It is emphasized that design of each subsystem is implicitly dependent on the design of all other subsystems. This leads us to a complicated design process. Thus, with a simplified assumption, two categories of subsystem interfaces are defined. The first category is high-priority interfaces and the second is normal priority. In this section, each activity is described and high-priority interfaces are recognized.

The next section presents more descriptions about different working teams, their interactions, interfaces, and the design plus information flow. Also, all priorities in interfaces will be recognized and described. The output of this step is sequencing conceptual design process, specific outputs of each step, and pattern of information flow between working teams.

In mission definition phase, the customer's need converts to technical and engineering requirements. MD takes input from the client’s requirement, which is the highest level, and does not take any input from the mission level. Based on the output of this phase, the scope of statistical studies is determined and it also determines which category of international rules regarding the system is necessary to be investigated. The output of this step is the main features of the mission of the satellite constellation, including the coverage area and the mission life [24,25].

According to the defined mission, statistical studies are carried out on similar systems to estimate the total mass, total volume, total power, the orbital parameters, and the number of satellites required for the system and similar items. The results of this step could be used in “determination of technical budget” and “orbit design” activities.

Considerations of international laws and regulations relating to telecommunication frequencies applicable to satellite communications (space-to-space) are the most important issue in design process of satellite constellation. Based on the output of the “mission definition”, this activity can be initiated and the output of this activity will be a good input for “determination of technical budget” activity.

Before designing satellite constellation, it should be ensured that there is a suitable launcher. The proper launcher should be able to carry the satellites with specific mass and volume at the desired height. On the other hand, there are limitations in selection of the launcher. The number of launchers that can be selected in a space project is limited. Electromagnetic effects and interactions of the launcher on the satellite as well as the effect of launcher vibrations in different phases and modes are related to the normal priority level. Although they are ignored in completing the DSM, but at the time of designing the process, these are of interest issue.

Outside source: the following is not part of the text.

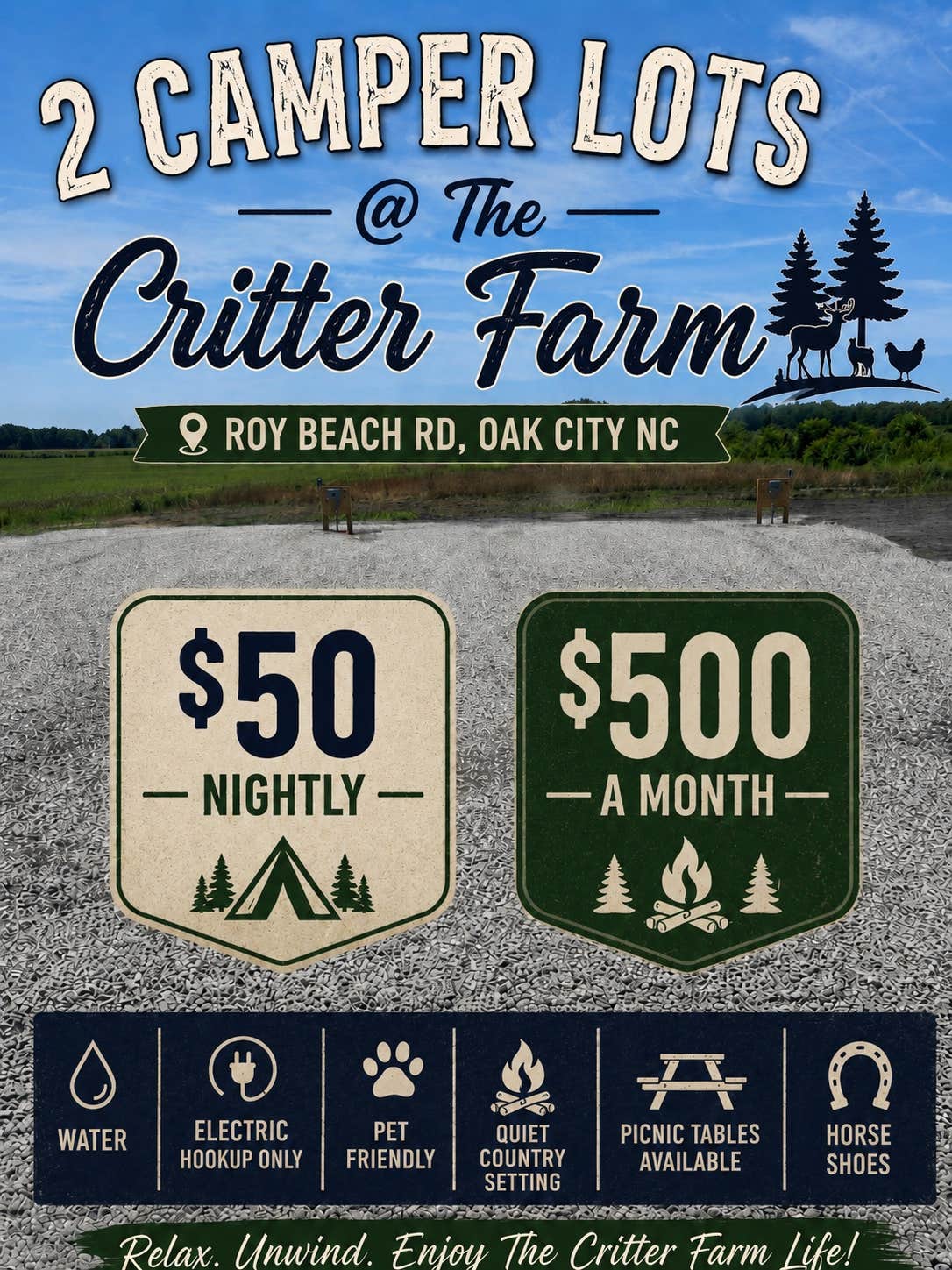 Camping near Cashie River Campground and Treehouse Village: Critter Farm, Windsor, North Carolina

The satellite’s technical characteristics such as mass, power and volume are estimated based on statistical data. However, due to the limited choice of launcher, these features may not be compatible with the ability of selected launcher. In these cases, unfortunately, technical specifications could be changed to match the launcher limitations. Therefore, we must return to the mission profile and change the mission and high order requirements. In these cases, the technical characteristics can affect the mission definition.

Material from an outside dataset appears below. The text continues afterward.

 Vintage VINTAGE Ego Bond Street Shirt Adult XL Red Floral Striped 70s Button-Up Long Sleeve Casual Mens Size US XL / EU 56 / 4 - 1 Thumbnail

Orbital design requires large number inputs from MD. In the cases where there is a limitation in choosing the launcher, the appropriate launcher should be selected firstly, and then the orbit design should be performed. Therefore, based on the launcher’s ability and predicted weight for the satellite, as well as based on statistical studies previously performed on the basis of the mission, the orbital features will be determined so that the constellation can provide the mission properly. In orbital analysis of the constellation, number of orbital planes, inclination, orbit height, and the number of satellites in each plane will be determined. One of the outputs of orbit design activity is the number of satellites necessary to carry out the mission of the constellation and the distance between the satellites. The distance between satellites will be an important input for payload design activities and ISL. Other outcomes of this step are the height of the orbit, which allows us to determine the atmospheric drag for the design of the attitude control subsystem. Also, the outputs of this activity, such as the height of the orbit and the atmospheric drag at this height, will be important inputs for the design of the propulsion subsystem. Utilizing these inputs, technical characteristics for orbital maneuvers are determined. Eclipse time and similar items that are output of orbital design activity will be important inputs for design of the power and the thermal control subsystems. The orbit design will determine the accuracy of the pointing for the attitude control subsystem and it will also be effective in designing the propulsion subsystem [26–28].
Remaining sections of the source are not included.